His way of playing the energy infrastructure space. Very good assets. They have stream assets and pipeline assets. Their major asset is a 50% stake in Alliance Pipeline, which runs from the Northeast BC region down to Chicago. The Northeast BC region in the Montney and Duvernay regions is very prolific and very robust. This is cheap trading at 9.5X AFFO compared to its peers trading at 12.5X. Dividend yield of 7.38%. (Analysts’ price target is $14.88.)
A good hold. Has been adding to his holdings over the last 6 months. It has a good dividend yield. They own half of the Alliance Pipeline, which moves natural gas from Canada into Chicago. They have a power portfolio with power assets for sale, and he thinks they will get a pretty good price for that.
This has a lot more free cash flow of around 10.7 relative to their peers of 7.1. He sees strengthening in natural gas prices. They have 45% of their product in the US, so they get the big tailwinds of FX. They are building out their midstream operations from 14% to about 24% by 2019. Dividend yield of 7.51%. (Analysts’ price target is $14.09.)

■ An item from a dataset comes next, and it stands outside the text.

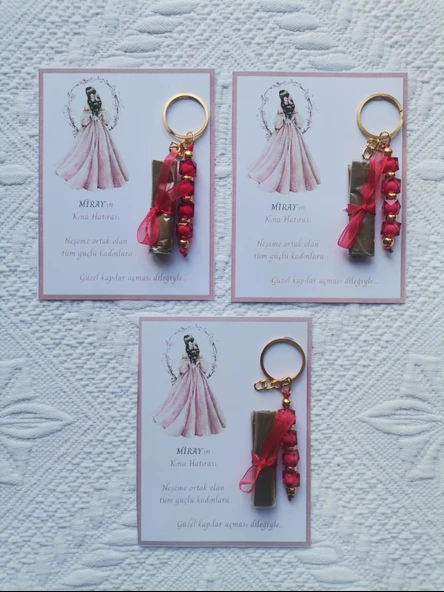 32 Adet Kişiye Özel Kına Hatırası Dağıtmalık Hediyelik Kırmızı Anahtarlık ve Paketlenmiş Kına - Resim 3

Just looking at the numbers, you might think the dividend is not covered and that they have a lot of debt on the balance sheet, but a lot of this has to do with timing. They put a lot of new projects in place. Has a big joint venture with Encana (ECA-T) that is going to come on stream in the next couple of years. Management feels very certain that they are going to sell their US power plant assets, which will create another big cash flow inflow for them. He is not worried about the balance sheet. The dividend is well covered. A very attractive stock to own on the dividend growth side.
Ranks 157 and is in the top quarter of his database. Sales were down 3% year-over-year, but still managed to squeak out a 52% increase in earnings. Earnings estimates have been shaved by about 8% in the last 90 days, and are expected to grow by about 60% from $.23-$.27 in 2017, against a PE of 25X. Unfortunately, free cash flow is not positive.

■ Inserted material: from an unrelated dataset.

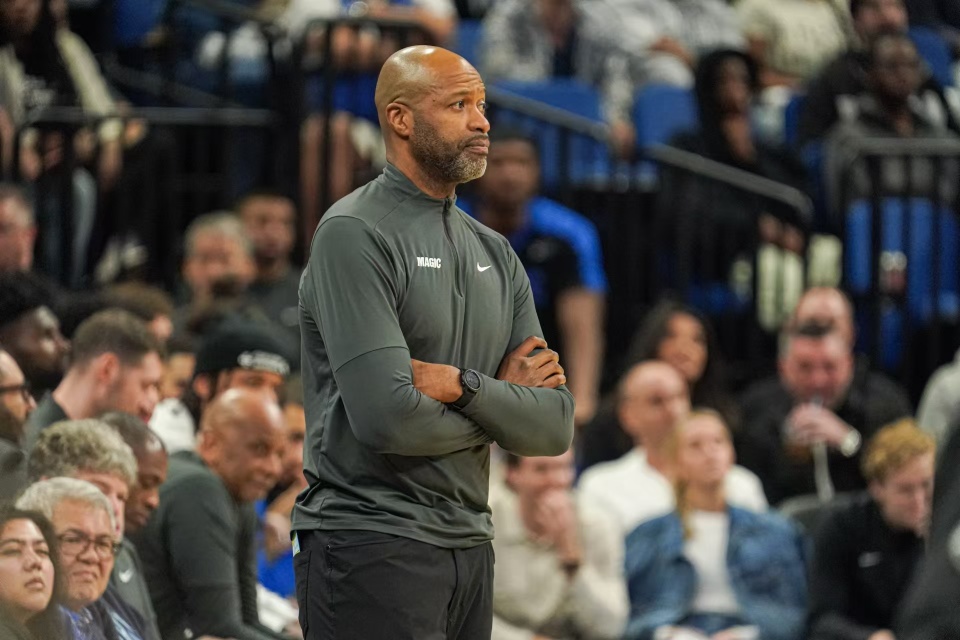 猛龙遭遇绿军逆转，客场失利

Not a bad looking chart. If you like the fundamentals, this has a nice little uptrend. It seems to have taken up on the risk, but it is near the trend line. There is not a failure of the lows and highs. There is an old resistance point that it may be starting with right now, but generally speaking, this is not a bad looking chart. If has kind of definitively broken that $13.50 or so area, and would be even more positive, if it could get back up into the $20 range within a year or so. He would wait to see if it broke out.
One of the catalyst pipeline companies that had a bit of a sentiment jump yesterday, in that they might get their Jordan Cove project finally approved. Potentially some of that red tape could get removed. The environment for LNG is still dicey. Prices aren’t that great, so investment decisions are still tricky. He would look for any news on the Jordan Cove project to be a catalyst. He likes the space generally. Dividend yields are high and dividend growth has been good.
Sees lots of opportunities for growth in this story. They are in all the right areas in the basin. They are trying to sell off their power assets, which would provide a lot of capital to clear the balance sheet, because they have a lot of debt. It would also help them to focus a little. Management has faith in their LNG project they are trying to build. They are trying to prove that this project will actually be commercial by trying to sign on some more off takers. That is going to be a catalyst. There is a lot of optionality for the company.
Looking at their free cash flow, they are paying out everything. Paying out about $1 and free cash flow is generating about $1. In the meantime, they need to finance a lot of growth projects in the midstream space in Western Canada. He has been exiting this in the $12-$13 range, because he feels the valuation has played out.
They are looking at boosting their pipeline capacity by 30%. They are going to alter their capital structure. He sees 30% EPS growth. It will be flat growth this year, however. It is going to pay you about a 7% dividend to wait until 2019. Decent balance sheet. (Analysts’ target: $16.00).